Je sais ce qui va se passer, mais je ne vois pas comment l’empêcher. Le portail va basculer dans notre direction quand elles le pousseront pour l’ouvrir. Il écrasera les vingt premières personnes de notre côté. Mais on est tellement serrées qu’elles ne peuvent pas s’en écarter.
« Quand le portail tombera, venez à l’ouverture ! » crié-je, sauf qu’avec toute cette peur et cette confusion, je ne suis pas sûre que quiconque fasse attention à moi. Prisha leur crie des choses aussi, tout comme Maibe.
Un second énorme choc fait se détacher le portail.
Il réduit notre premier cercle de femmes en une horrible bouillie. Je me baisse, redoutant une salve. Qui arrive, tirée par de multiples armes. Au moins cinquante céphalopodes explosent dans la pièce et abattent notre deuxième cercle. Les Bhavaja se ruent ensuite à l’intérieur par l’unique entrée, nous taillant en pièces tels des animaux, le visage large, souriant et déterminé, comme si c’était la fin inévitable du jeu, comme si elles savaient depuis le début que cela se passerait ainsi.
Je riposte, crie pour imposer de l’ordre, pour mettre en place une tactique. Prisha est touchée la première : un céphalopode l’atteint au visage et elle tombe. Maibe comble le vide tout en tirant sur la masse de Bhavaja en train d’avancer, comme si cela pouvait changer quoi que ce soit.
C’est un massacre.
J’arrive au contact des lignes ennemies, celles de ma famille ne cessant de tomber. Je décharge encore trois fois mon arme avant qu’elle cesse de fonctionner. J’en abats la crosse sur le visage de la Bhavaja suivante. Je descends deux de ses sœurs avec son arme à elle et me retrouve au corps à corps avec une troisième.
Elles se jettent sur moi. Un coup m’atteint dans les reins. Une crosse s’écrase sur ma figure. Une explosion de ténèbres, une lumière brillante. Je tombe à genoux. Un tir perdu d’une arme Katazyrna me démolit la jambe et je m’effondre comme une fleur en papier plié sur un tas de cadavres.
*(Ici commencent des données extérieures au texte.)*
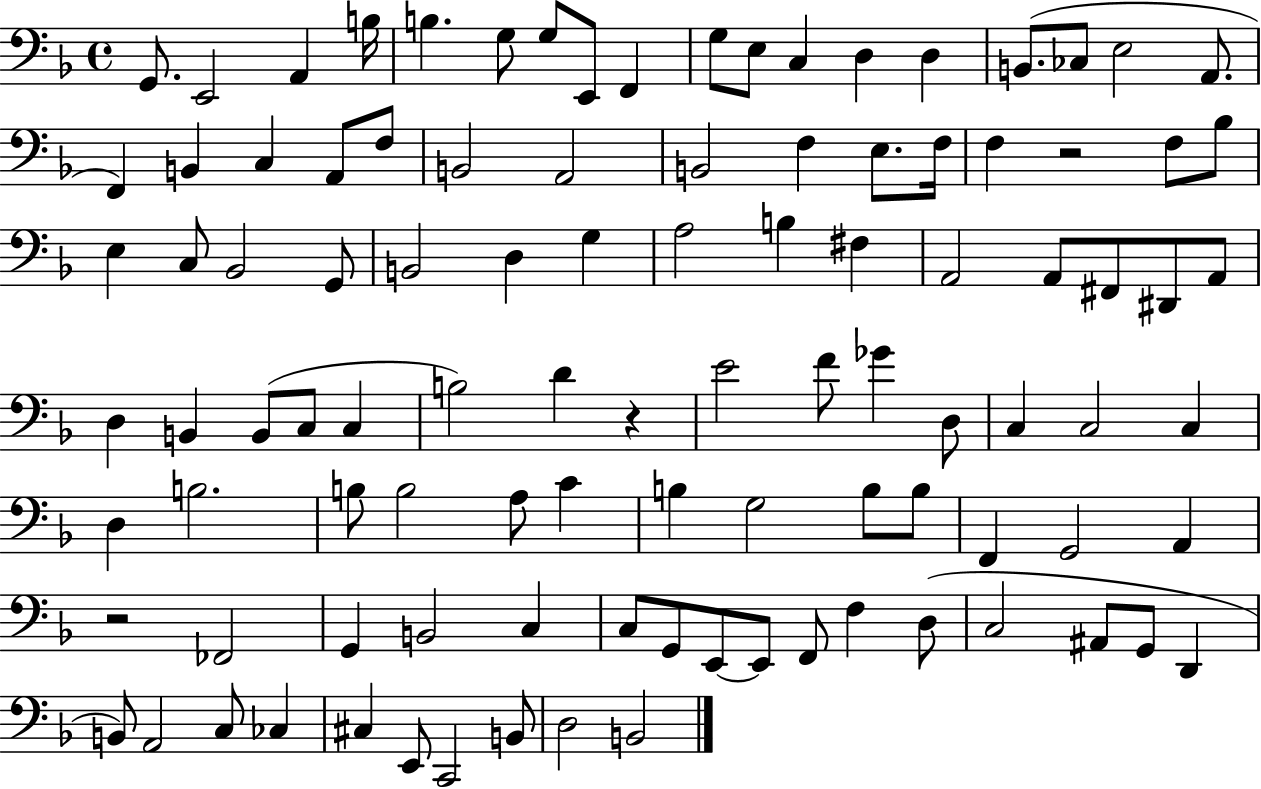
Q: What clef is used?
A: bass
Je rampe dessus en direction du passage secret. Ma main se referme sur un visage, je reconnais celui de Maibe. Elle crache du sang, la main crispée sur une plaie à l’abdomen. L’œil du céphalopode niché là se lève bêtement vers moi, ce qui manque me faire vomir.
Une douleur foudroyante soudain dans mon épaule, comme si on la frappait avec un marteau de feu. Je m’écroule sur Maibe.
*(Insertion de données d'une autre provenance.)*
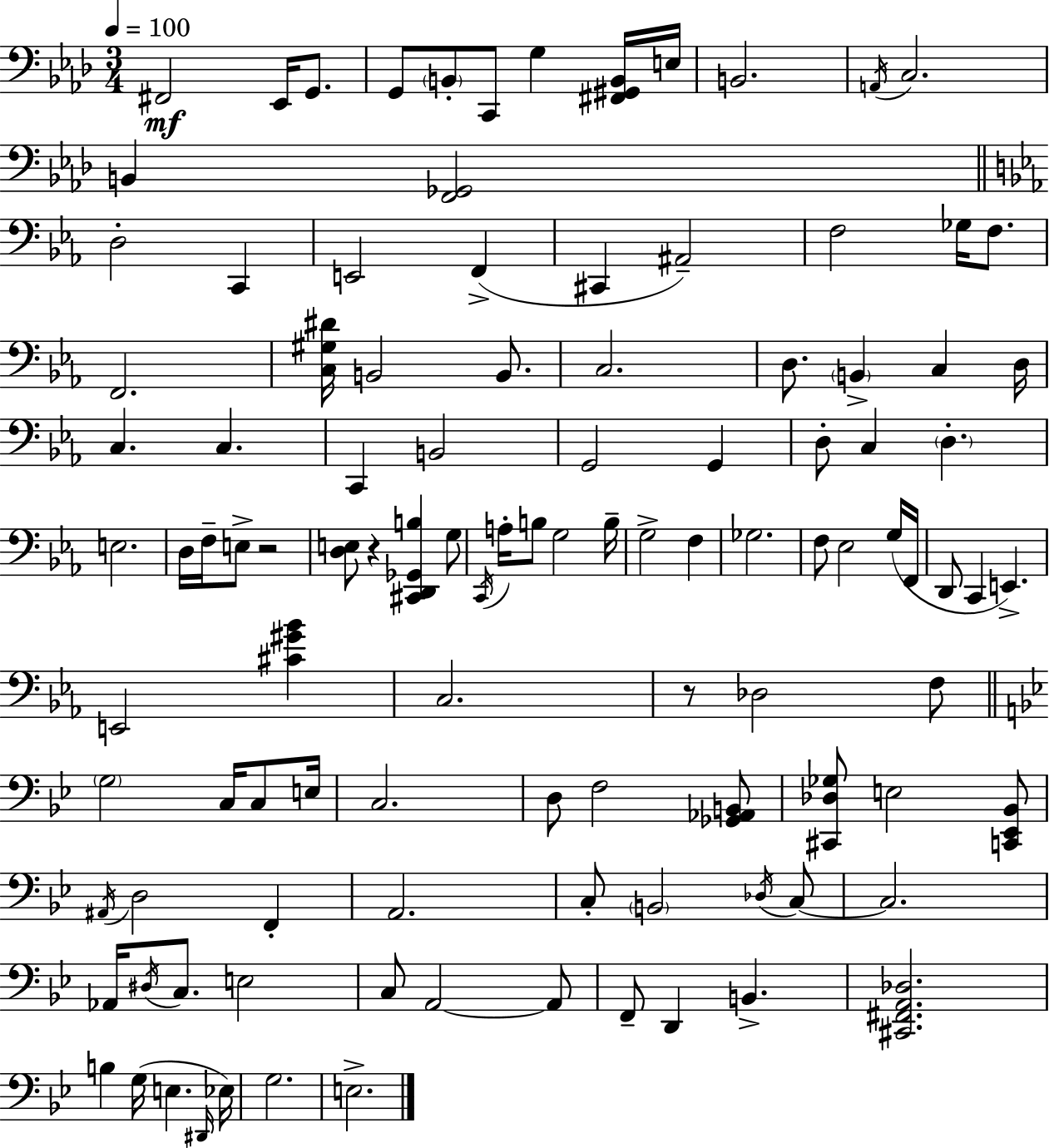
X:1
T:Untitled
M:3/4
L:1/4
K:Ab
^F,,2 _E,,/4 G,,/2 G,,/2 B,,/2 C,,/2 G, [^F,,^G,,B,,]/4 E,/4 B,,2 A,,/4 C,2 B,, [F,,_G,,]2 D,2 C,, E,,2 F,, ^C,, ^A,,2 F,2 _G,/4 F,/2 F,,2 [C,^G,^D]/4 B,,2 B,,/2 C,2 D,/2 B,, C, D,/4 C, C, C,, B,,2 G,,2 G,, D,/2 C, D, E,2 D,/4 F,/4 E,/2 z2 [D,E,]/2 z [^C,,D,,_G,,B,] G,/2 C,,/4 A,/4 B,/2 G,2 B,/4 G,2 F, _G,2 F,/2 _E,2 G,/4 F,,/4 D,,/2 C,, E,, E,,2 [^C^G_B] C,2 z/2 _D,2 F,/2 G,2 C,/4 C,/2 E,/4 C,2 D,/2 F,2 [_G,,_A,,B,,]/2 [^C,,_D,_G,]/2 E,2 [C,,_E,,_B,,]/2 ^A,,/4 D,2 F,, A,,2 C,/2 B,,2 _D,/4 C,/2 C,2 _A,,/4 ^D,/4 C,/2 E,2 C,/2 A,,2 A,,/2 F,,/2 D,, B,, [^C,,^F,,A,,_D,]2 B, G,/4 E, ^D,,/4 _E,/4 G,2 E,2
Je perds un peu la notion du temps.
Le monde tourne autour de moi. J’ai conscience que Maibe respire de plus en plus faiblement. J’ai conscience des cris de mes sœurs. De tirs. De plaisanteries qu’échangent des voix joyeuses, entrecoupées par les bruits des armes. De corps qui glissent sur le sol. Du clic clic des armes qu’on empile. Les Bhavaja font le ménage.
On me retourne, je vois au-dessus de moi le visage de Rasida. Elle mâche quelque chose et me sourit comme si j’étais un animal de grande valeur.
« Jayd », marmonné-je.
Rasida me lance un coup de pied avant de crier par-dessus son épaule : « Recyclez-les. Ne laissez pas un seul corps se perdre. »
Une femme commence à me traîner par les bras. C’est douloureux. Je vois une longue trace de sang derrière moi et ne me rends pas tout de suite compte que c’est en grande partie le mien. Ma jambe est en charpie et mon épaule ne me ferait pas davantage souffrir si elle était chauffée à blanc. Des taches noires flottent dans mon champ de vision, comme des brûlures.
On m’abandonne à côté d’un tas de cadavres dans une pièce basse où s’ouvre une grande embouchure noire. Deux Bhavaja s’activent sans un mot, attrapant les cadavres chacune d’un côté pour les lancer ensemble dans les ténèbres.
Le recycleur. Le monstre. Le souvenir vrombit dans mon esprit confus. Je ne suis pas un cadavre, essayé-je de dire, mais je m’étrangle sur quelque chose : ma salive et mon sang.
Elles jettent le corps de Prisha dans l’obscurité.
J’essaye de hurler. Aucun son ne franchit mes lèvres.
L’une des femmes me saisit par les bras, l’autre par mes jambes abîmées.
Douleur. Peur et douleur. Elles me projettent en direction de la gueule noire que je sais conduire au monstre.
Les ténèbres, au moins, peuvent m’apporter un peu de paix. Je connais les ténèbres. Je les connais très bien.
Les Bhavaja me lâchent.
Je fais alors un bruit qui pourrait être celui d’un animal mourant : un grognement, rien de plus. Puis je tombe, tombe dans l’obscurité gluante, je tombe et tombe en direction du centre du monde.